Hacking, the computer world’s version of breaking and entering, has been around as long as the Internet itself. And the criminals have gotten bolder than ever. Last summer alone, online assailants broke into the computers of Citigroup, Sony Online Entertainment, and gaming company Bethesda Softworks, gaining access to information pertaining to nearly 25 million customers. But do these thefts mean that your financial information is in danger?
Probably not, experts say. Most consumers whose data have been stolen suffer no ill consequences.
“In some cases, these cyber criminals just want to prove that they can break into the computer systems,” says Chuck Davis, a professor of ethical hacking and computer forensics at Harrisburg University of Science and Technology, in Harrisburg, Pennsylvania. Shadowy hacker groups, like Anonymous and LulzSec, aren’t particularly interested in most people’s private data. “They’re breaking in to be able to brag about it, not to swipe and sell personal information,” says Beth Jones, a senior security adviser at SophosLabs North America, a Boston-based security company.

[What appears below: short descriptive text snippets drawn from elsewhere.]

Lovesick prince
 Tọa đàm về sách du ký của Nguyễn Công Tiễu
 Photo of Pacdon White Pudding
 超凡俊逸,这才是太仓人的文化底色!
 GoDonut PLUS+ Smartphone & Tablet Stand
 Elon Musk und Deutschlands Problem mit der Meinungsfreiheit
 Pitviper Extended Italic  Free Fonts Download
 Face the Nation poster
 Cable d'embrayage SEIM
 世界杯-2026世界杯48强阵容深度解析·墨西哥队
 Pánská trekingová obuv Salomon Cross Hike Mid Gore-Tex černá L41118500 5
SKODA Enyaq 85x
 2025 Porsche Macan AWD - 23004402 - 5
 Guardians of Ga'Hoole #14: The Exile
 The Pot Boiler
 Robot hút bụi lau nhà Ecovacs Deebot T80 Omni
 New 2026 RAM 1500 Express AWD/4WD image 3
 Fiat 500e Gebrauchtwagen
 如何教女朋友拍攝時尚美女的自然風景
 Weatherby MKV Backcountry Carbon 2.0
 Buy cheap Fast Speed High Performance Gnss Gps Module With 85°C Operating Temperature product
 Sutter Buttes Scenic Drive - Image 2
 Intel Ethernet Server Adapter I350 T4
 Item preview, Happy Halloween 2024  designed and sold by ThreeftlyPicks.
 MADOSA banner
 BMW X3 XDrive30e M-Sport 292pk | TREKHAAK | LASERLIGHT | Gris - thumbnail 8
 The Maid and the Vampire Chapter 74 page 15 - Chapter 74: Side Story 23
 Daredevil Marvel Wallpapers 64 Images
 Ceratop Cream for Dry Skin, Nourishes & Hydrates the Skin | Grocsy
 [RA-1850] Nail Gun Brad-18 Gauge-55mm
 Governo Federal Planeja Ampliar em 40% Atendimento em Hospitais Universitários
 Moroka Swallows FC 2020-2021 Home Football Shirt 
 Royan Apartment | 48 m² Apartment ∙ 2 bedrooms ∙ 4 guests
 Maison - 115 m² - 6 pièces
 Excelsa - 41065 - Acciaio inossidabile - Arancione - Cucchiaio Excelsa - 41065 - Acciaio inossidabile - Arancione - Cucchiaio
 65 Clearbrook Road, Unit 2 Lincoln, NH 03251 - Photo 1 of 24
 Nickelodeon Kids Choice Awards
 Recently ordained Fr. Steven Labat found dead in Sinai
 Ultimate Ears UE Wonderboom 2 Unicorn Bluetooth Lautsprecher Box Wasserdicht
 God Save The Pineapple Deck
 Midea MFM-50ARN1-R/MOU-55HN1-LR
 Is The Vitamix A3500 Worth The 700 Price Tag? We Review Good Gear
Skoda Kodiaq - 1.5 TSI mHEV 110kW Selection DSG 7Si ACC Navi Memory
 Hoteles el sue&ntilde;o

Nevertheless, you can take a few steps to be safer should an attack strike a company that you do business with. To start, refrain from keeping your credit-card details on file with online merchants, says Jones: “That way, if your account is compromised, no one can rack up charges under your name.” And if you hear of an assault on an institution that you have an account with, contact its customer-service or public-relations department immediately. If your information wasn’t exposed, you don’t need to do anything. But go ahead and change your passwords if it helps you sleep at night. Hacking may cause nightmares for corporations, but it doesn’t have to cause them for you.